## EXERCISE OBJECTIVE
From the records below, print only the part that opens with the line containing "Hey guys, this" and closes with the line containing "I'm trying to"; omit the pictures.

## SUPPLIED RECORDS
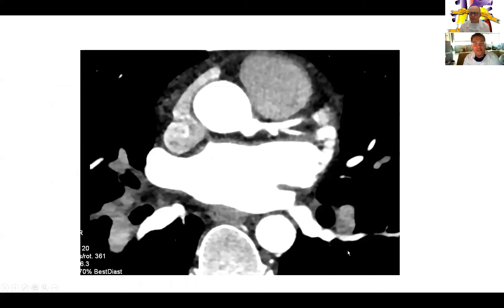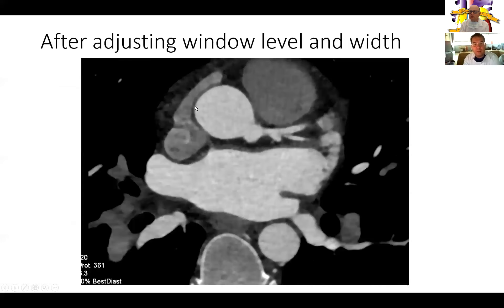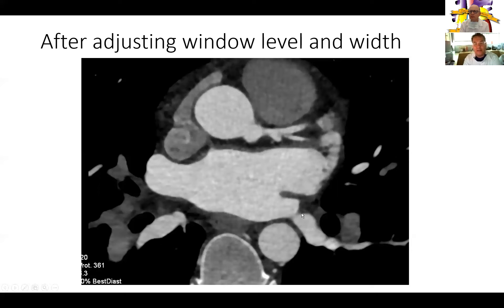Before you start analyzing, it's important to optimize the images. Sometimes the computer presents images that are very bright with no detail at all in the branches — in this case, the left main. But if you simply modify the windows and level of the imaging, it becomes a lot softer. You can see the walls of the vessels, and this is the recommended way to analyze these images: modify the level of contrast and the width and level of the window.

---

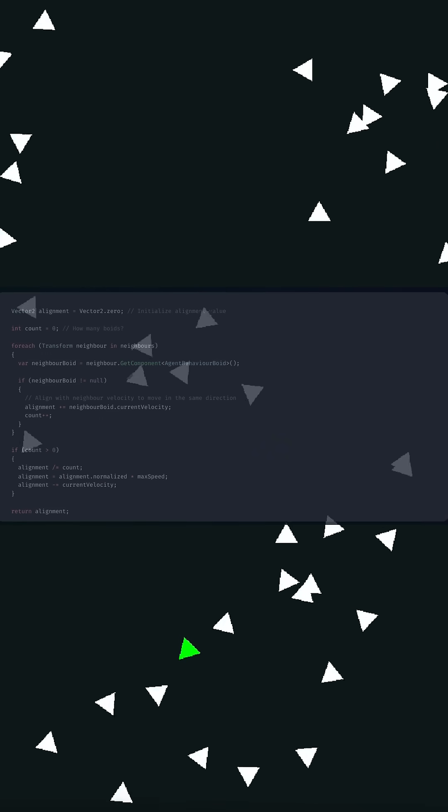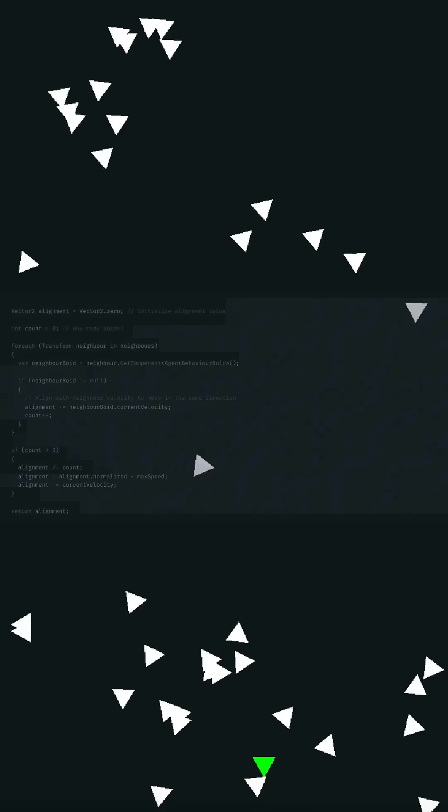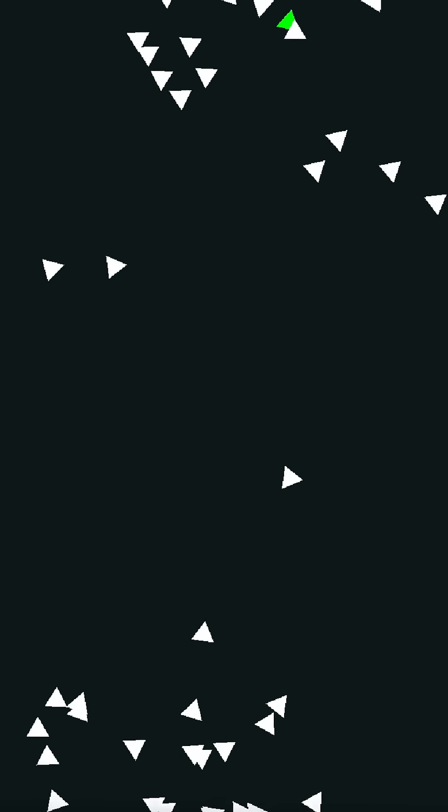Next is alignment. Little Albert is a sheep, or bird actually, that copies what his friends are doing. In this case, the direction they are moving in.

* * *

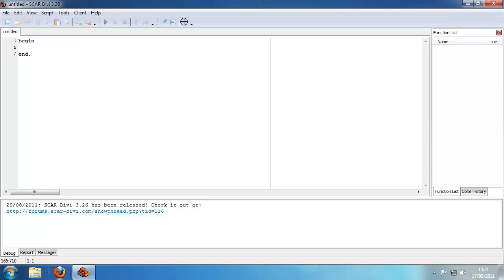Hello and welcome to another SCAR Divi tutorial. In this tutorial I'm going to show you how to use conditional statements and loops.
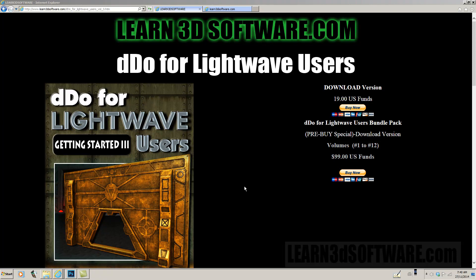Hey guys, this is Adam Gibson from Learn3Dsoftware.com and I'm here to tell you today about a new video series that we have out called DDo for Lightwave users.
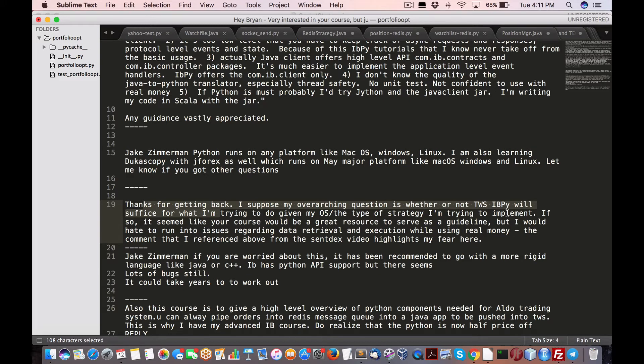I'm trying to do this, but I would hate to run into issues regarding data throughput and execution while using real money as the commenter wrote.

## SOLUTION
Hey guys, this is Adam Gibson from Learn3Dsoftware.com and I'm here to tell you today about a new video series that we have out called DDo for Lightwave users.
I'm trying to do this, but I would hate to run into issues regarding data throughput and execution while using real money as the commenter wrote.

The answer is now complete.